━━ Exercise materials ━━

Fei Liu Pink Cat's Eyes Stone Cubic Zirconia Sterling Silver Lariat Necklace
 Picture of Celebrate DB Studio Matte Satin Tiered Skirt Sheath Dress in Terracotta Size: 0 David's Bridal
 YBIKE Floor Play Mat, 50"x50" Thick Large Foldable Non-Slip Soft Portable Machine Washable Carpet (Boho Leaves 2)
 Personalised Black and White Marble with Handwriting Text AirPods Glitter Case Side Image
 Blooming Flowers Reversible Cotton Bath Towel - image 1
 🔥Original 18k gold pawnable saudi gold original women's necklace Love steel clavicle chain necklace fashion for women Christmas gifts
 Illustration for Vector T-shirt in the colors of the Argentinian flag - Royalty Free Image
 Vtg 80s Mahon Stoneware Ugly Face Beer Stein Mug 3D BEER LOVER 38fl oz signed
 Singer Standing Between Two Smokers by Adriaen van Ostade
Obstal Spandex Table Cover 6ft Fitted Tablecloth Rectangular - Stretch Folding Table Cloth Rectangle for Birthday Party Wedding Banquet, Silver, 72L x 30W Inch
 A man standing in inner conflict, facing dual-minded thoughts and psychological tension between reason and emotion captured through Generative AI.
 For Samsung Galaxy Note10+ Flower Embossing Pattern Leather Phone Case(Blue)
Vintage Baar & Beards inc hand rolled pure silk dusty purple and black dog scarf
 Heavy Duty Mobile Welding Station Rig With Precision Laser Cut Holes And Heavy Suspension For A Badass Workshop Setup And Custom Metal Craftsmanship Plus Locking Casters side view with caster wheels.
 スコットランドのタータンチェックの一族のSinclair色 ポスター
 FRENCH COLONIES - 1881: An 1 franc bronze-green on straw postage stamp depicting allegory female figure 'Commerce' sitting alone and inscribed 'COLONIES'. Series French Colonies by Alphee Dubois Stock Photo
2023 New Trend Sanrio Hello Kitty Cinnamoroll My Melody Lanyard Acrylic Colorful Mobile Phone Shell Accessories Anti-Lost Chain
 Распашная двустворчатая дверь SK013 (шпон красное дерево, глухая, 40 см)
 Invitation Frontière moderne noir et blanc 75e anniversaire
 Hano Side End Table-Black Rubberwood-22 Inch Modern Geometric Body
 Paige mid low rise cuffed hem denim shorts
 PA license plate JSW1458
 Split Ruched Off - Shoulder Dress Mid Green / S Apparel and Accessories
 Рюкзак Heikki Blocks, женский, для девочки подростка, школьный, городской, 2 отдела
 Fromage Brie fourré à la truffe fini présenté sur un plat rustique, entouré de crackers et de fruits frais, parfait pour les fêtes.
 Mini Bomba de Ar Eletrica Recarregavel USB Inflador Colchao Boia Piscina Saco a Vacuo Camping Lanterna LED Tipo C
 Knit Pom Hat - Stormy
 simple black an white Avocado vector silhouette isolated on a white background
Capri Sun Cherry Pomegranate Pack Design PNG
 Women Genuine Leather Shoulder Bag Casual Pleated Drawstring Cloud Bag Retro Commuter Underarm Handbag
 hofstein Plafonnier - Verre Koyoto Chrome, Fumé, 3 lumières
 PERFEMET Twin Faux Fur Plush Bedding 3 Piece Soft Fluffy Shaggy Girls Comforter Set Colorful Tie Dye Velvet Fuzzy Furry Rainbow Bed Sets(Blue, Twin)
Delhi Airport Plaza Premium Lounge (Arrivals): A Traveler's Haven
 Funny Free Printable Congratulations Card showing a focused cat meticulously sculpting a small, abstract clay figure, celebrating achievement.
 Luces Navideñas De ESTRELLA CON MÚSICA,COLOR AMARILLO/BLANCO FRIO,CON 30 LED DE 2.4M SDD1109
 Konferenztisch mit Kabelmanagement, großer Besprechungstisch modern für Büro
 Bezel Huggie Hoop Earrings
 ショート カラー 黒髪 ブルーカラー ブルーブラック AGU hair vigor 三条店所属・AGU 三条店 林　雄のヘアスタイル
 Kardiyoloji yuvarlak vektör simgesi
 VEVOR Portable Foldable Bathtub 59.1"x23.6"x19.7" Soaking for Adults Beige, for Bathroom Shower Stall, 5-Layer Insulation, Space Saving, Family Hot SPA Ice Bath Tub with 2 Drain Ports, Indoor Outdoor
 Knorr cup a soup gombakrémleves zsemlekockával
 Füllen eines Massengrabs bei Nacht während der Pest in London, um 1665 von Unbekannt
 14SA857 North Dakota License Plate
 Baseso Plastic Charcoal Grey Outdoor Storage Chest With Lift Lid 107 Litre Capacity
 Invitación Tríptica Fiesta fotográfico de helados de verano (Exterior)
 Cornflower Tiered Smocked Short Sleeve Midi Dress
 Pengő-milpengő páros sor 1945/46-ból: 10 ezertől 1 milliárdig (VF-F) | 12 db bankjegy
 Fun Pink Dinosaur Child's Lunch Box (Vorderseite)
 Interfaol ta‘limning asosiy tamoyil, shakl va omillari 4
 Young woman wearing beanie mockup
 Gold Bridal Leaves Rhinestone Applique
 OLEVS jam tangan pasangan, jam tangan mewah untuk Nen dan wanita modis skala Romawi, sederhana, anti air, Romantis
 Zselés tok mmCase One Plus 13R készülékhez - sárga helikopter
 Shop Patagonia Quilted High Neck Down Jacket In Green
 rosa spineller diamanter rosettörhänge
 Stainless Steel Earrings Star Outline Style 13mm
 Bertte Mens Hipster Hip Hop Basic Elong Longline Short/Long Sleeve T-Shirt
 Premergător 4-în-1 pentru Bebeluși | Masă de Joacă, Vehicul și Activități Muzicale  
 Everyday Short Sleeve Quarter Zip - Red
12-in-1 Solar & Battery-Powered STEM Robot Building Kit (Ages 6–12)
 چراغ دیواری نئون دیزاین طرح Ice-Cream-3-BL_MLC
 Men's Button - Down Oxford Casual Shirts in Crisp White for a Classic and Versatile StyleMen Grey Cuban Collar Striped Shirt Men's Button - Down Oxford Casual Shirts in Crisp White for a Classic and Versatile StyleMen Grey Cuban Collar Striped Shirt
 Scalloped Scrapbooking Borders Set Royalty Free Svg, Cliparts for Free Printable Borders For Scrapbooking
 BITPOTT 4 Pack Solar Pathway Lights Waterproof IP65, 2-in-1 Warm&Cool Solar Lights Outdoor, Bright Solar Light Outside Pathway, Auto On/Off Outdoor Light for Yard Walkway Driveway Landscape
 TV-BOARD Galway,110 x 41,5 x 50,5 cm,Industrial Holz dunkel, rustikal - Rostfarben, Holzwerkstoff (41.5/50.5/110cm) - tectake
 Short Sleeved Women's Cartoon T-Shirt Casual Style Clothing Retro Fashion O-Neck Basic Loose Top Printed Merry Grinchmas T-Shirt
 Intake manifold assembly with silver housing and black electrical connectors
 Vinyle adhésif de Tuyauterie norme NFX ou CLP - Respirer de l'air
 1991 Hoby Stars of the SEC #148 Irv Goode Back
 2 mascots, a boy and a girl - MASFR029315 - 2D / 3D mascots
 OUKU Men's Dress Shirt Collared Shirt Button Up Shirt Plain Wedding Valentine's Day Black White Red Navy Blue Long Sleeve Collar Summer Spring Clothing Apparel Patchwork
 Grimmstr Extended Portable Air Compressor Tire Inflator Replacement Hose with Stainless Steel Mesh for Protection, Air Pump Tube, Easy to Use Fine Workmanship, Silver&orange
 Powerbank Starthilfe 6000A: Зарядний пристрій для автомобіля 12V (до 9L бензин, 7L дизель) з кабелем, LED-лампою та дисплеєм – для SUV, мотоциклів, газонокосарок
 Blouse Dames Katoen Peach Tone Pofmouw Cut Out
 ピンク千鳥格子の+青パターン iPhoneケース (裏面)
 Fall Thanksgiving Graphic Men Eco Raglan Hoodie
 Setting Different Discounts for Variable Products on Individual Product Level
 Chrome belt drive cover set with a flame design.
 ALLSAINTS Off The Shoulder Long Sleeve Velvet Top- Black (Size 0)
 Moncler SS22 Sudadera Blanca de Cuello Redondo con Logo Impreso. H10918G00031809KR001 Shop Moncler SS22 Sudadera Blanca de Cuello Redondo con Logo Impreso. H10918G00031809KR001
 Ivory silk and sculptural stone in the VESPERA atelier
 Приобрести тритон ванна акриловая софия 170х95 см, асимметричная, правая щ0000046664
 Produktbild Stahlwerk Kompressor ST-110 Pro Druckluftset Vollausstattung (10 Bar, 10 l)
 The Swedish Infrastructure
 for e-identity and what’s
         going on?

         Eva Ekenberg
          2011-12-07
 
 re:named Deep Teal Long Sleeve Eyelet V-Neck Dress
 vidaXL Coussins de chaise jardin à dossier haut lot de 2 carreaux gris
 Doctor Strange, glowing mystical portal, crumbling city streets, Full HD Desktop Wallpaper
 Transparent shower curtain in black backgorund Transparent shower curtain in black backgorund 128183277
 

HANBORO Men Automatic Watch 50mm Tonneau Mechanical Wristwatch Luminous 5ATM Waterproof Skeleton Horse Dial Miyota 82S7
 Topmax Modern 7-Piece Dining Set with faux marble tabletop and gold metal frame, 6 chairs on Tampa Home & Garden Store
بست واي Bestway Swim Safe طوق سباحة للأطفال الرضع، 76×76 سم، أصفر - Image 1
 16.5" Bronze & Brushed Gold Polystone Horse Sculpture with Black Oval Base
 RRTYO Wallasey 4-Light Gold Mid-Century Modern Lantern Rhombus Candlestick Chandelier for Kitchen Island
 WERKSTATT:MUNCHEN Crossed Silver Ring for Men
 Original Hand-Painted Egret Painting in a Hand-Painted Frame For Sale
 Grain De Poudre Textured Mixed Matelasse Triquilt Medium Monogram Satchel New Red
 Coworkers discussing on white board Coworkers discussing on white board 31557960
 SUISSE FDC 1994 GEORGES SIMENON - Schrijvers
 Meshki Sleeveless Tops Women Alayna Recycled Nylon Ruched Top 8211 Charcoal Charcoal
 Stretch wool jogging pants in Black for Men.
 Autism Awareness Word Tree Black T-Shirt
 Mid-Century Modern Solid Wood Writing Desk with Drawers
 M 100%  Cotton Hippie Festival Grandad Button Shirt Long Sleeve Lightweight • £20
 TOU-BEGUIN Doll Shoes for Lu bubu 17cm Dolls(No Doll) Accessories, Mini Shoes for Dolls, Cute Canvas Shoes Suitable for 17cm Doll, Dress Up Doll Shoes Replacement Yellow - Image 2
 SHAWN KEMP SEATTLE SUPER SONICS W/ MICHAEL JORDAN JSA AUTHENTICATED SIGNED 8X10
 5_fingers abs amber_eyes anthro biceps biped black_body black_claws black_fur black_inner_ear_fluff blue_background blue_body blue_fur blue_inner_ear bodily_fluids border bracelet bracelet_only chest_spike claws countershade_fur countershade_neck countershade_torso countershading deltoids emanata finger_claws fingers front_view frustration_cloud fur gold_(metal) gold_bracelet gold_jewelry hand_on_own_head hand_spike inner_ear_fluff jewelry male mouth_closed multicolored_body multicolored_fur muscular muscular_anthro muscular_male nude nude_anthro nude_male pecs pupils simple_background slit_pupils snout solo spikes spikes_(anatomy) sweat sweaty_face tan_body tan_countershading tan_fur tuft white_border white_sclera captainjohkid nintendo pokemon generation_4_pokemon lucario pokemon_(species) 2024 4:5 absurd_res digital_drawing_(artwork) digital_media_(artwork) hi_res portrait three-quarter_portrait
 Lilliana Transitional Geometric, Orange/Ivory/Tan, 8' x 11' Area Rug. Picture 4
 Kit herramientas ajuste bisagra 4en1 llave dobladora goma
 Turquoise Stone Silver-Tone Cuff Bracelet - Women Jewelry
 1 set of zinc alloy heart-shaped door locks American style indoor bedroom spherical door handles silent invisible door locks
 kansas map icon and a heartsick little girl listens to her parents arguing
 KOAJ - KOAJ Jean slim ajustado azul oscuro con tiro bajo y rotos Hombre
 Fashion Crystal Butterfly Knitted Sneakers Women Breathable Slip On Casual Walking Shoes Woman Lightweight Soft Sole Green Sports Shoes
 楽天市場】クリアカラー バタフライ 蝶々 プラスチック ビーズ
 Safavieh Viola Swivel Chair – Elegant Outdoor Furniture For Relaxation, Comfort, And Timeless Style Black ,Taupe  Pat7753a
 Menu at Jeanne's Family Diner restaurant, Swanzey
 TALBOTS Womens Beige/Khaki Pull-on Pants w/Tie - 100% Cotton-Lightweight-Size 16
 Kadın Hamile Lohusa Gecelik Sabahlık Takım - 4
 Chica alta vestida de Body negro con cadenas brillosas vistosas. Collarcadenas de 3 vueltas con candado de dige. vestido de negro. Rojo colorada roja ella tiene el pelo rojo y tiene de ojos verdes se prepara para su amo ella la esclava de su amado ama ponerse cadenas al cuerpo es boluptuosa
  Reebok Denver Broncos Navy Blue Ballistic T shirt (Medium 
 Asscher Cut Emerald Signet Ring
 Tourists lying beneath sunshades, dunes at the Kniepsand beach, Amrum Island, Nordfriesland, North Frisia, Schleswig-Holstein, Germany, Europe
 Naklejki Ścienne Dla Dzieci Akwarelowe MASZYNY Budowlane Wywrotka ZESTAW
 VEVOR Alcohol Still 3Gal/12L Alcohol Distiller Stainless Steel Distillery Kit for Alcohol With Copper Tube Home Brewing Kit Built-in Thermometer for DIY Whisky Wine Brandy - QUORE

━━━

● Task item
The line above containing "The Swedish Infrastructure", the line containing "Autism Awareness Word Tree Black T-Shirt", and every line between them are to be transcribed exactly; no other line is wanted.

● Result for this exercise
 The Swedish Infrastructure
 for e-identity and what’s
         going on?

         Eva Ekenberg
          2011-12-07
 
 re:named Deep Teal Long Sleeve Eyelet V-Neck Dress
 vidaXL Coussins de chaise jardin à dossier haut lot de 2 carreaux gris
 Doctor Strange, glowing mystical portal, crumbling city streets, Full HD Desktop Wallpaper
 Transparent shower curtain in black backgorund Transparent shower curtain in black backgorund 128183277
 

HANBORO Men Automatic Watch 50mm Tonneau Mechanical Wristwatch Luminous 5ATM Waterproof Skeleton Horse Dial Miyota 82S7
 Topmax Modern 7-Piece Dining Set with faux marble tabletop and gold metal frame, 6 chairs on Tampa Home & Garden Store
بست واي Bestway Swim Safe طوق سباحة للأطفال الرضع، 76×76 سم، أصفر - Image 1
 16.5" Bronze & Brushed Gold Polystone Horse Sculpture with Black Oval Base
 RRTYO Wallasey 4-Light Gold Mid-Century Modern Lantern Rhombus Candlestick Chandelier for Kitchen Island
 WERKSTATT:MUNCHEN Crossed Silver Ring for Men
 Original Hand-Painted Egret Painting in a Hand-Painted Frame For Sale
 Grain De Poudre Textured Mixed Matelasse Triquilt Medium Monogram Satchel New Red
 Coworkers discussing on white board Coworkers discussing on white board 31557960
 SUISSE FDC 1994 GEORGES SIMENON - Schrijvers
 Meshki Sleeveless Tops Women Alayna Recycled Nylon Ruched Top 8211 Charcoal Charcoal
 Stretch wool jogging pants in Black for Men.
 Autism Awareness Word Tree Black T-Shirt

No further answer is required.